Subsequent to Peregrine, two bankruptcy courts addressed the issues presented here with respect to copyrights that were clearly unregistered. See In re AEG Acquisition Corp., 127 B.R. 34 (Bankr.C.D.Cal.1991), aff'd, 161 B.R. 50, 58 (9th Cir. BAP 1993) [Footnote omitted.]; In re Avalon, 209 B.R. 517 (Bankr.D.Ariz.1997). Both courts followed Peregrine, concluding that a security interest could only be perfected by recordation with the Copyright Office. Neither court considered whether it was appropriate to apply the Peregrine court's analysis to an unregistered copyright. See AEG Acquisition, 127 B.R. at 40-41; Avalon, 209 B.R. at 521-22.

It is unclear whether these two courts based their determinations of the respective parties' priorities on state or federal law.  In AEG Acquisition, the court stated that: "The Uniform Commercial Code...gives lien creditors priority over holders of unrecorded security interests." 127 B.R. at 43. However, like the Peregrine court, it then addressed the requirements for priority set forth in 17 U.S.C. § 205(d). Like Peregrine, in doing so, it failed to note the requirement that recordation of the judicial lien be in a manner sufficient to give constructive notice to third parties or to discuss how such recordation could be accomplished when the copyright was unregistered. See id. at 43-44. [Fn 10]

[Fn 10. In fact, the AEG Acquisition court misstated the priority scheme established by 17 U.S.C. § 205(d) as giving priority to a transferee who records first. As discussed above, priority is given to the first transfer executed as long as that transfer is recorded in a manner sufficient to give constructive notice within 30 (or 60) days of the date of execution of the transfer. See 17 U.S.C. § 205(d).]

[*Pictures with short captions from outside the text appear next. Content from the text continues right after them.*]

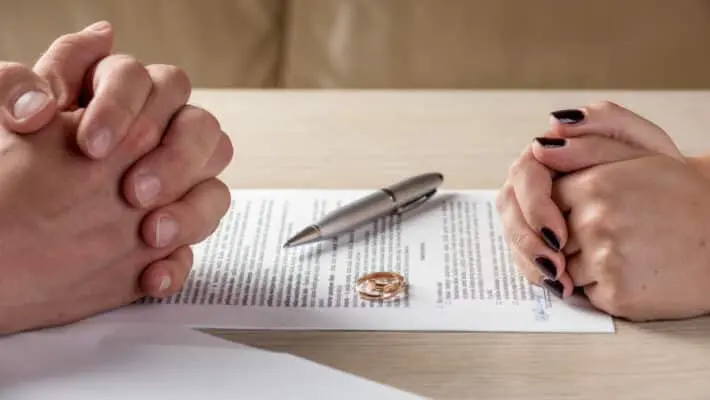 Hands,Of,Wife,And,Husband,Signing,Divorce,(dissolution,,Canceling,Marriage,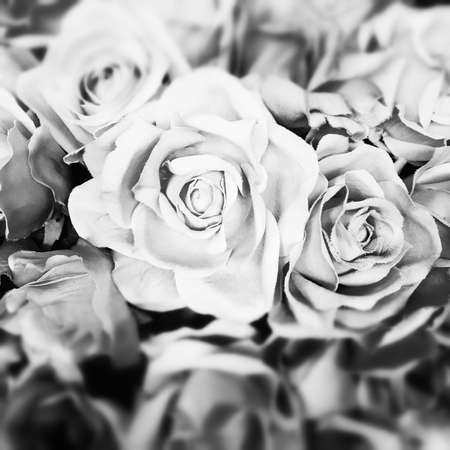 Fake roses,Plastic roses - Lot of artificial flowers.の写真素材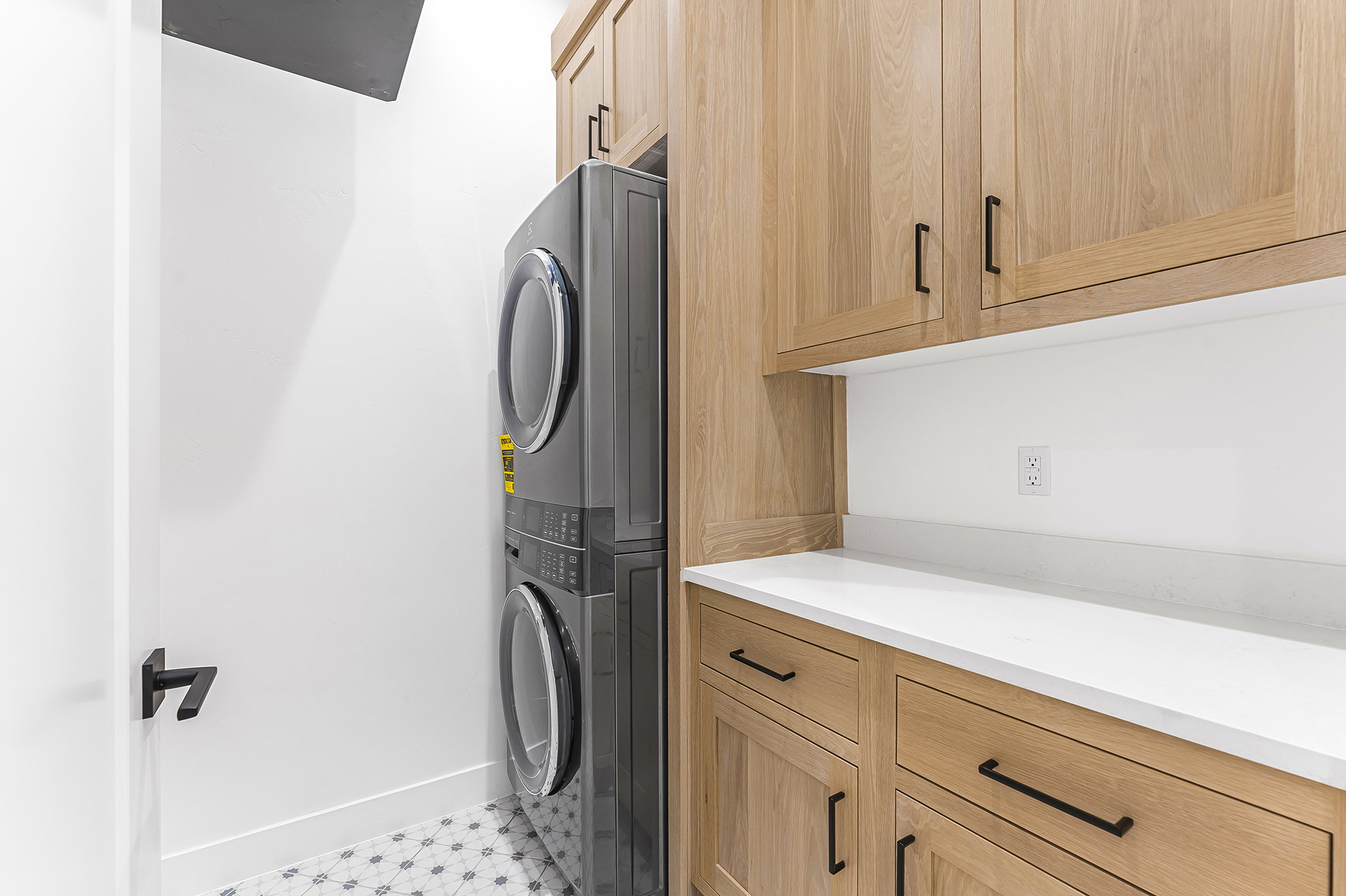 Laundry area featuring light wood cabinetry with matte black pulls, white countertop, white walls, and a patterned tile floor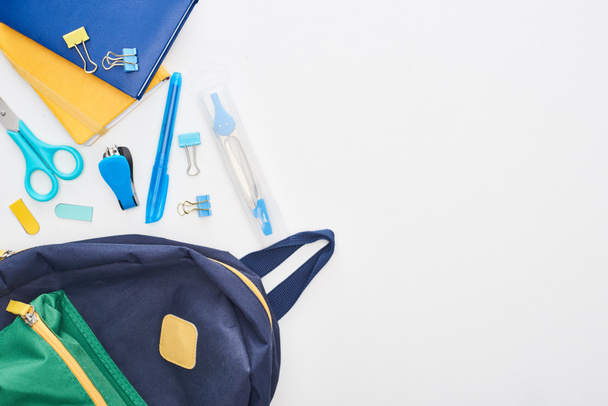 Sininen koululaukku lähellä lehtiöitä, sakset ja eri koulutarvikkeet eristetty valkoinen
  - Valokuva, kuva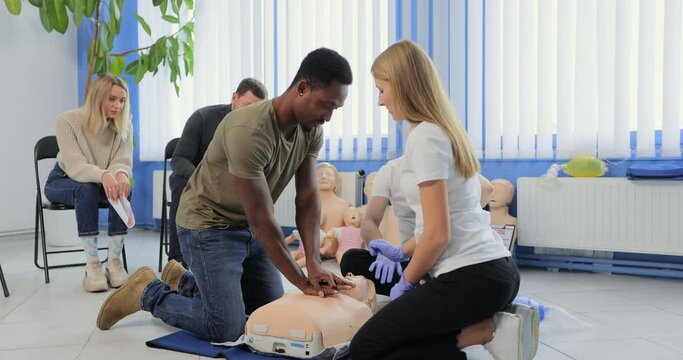 Young woman instructor showing how to make chest compressions with dummy during the first aid group training indoors.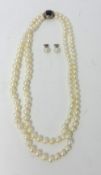 A two row cultured pearl Necklace, composed of 63 and 59 graduated beads, to an oval sapphire and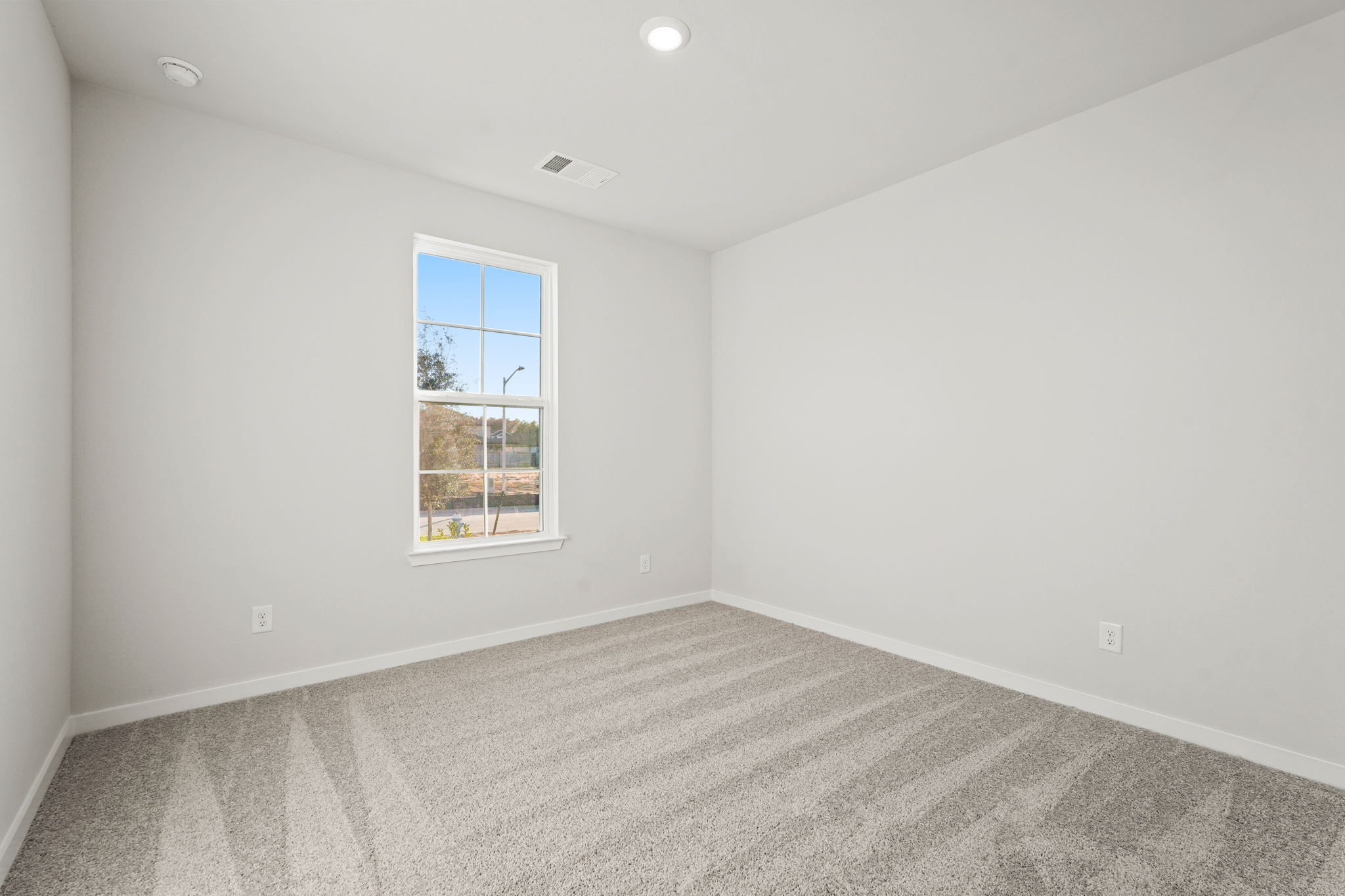 A room with a window and a carpet.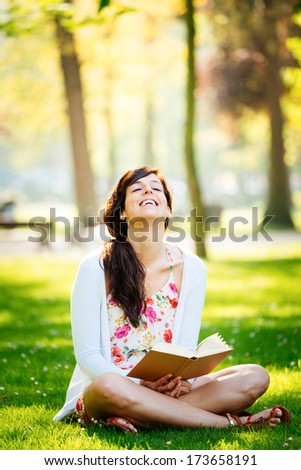 Joyful woman reading fun book sitting on grass in park.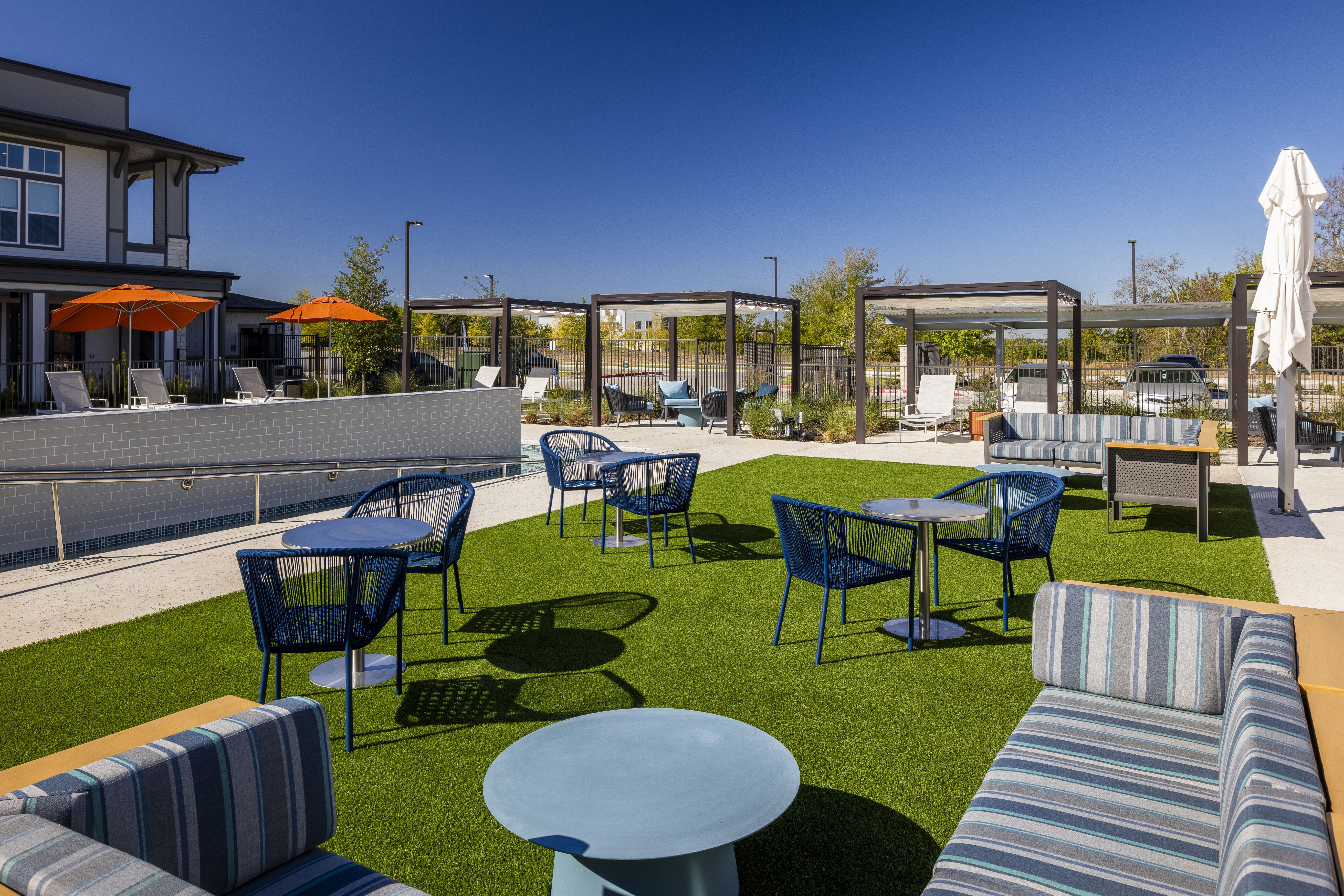 a lounge area with tables and chairs on the grass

The Avalon court failed to discuss the priority issue at all. It merely stated that:
If a security interest is not properly perfected, it becomes subordinate to the rights of a bankruptcy trustee (or debtor-in-possession) whose principal purpose is to maximize a debtor's estate for the benefit of the unsecured creditors. [Citations omitted.]

Because the Peregrine court based its priority determination on 17 U.S.C. § 205(d), by citing to both state law and Peregrine, the Avalon court also failed to make clear whether it was basing its priority analysis on state or federal law.  However, as discussed above, 17 U.S.C. § 205(d) does not establish a priority scheme between conflicting transfers of interests in an unregistered copyright. Therefore, the relative priorities of the Bank's security interest and the interest of Aerocon as a hypothetical judicial lien creditor under [BRA § 544]  must be governed by Article Nine of the California Commercial Code. As stated above, whether Aerocon can avoid the Bank's security interest under the California Commercial Code depends on whether the Bank's security interest was properly perfected by filing a UCC-1 with the UCC Office.

B. PERFECTION OF SECURITY INTEREST IN UNREGISTERED COPYRIGHT

[The court proceeded to conclude that there is preemption only as to registered copyrights and where the debtor has not registered its copyrights a security interest may be perfected by filing a financing statement under Article 9.]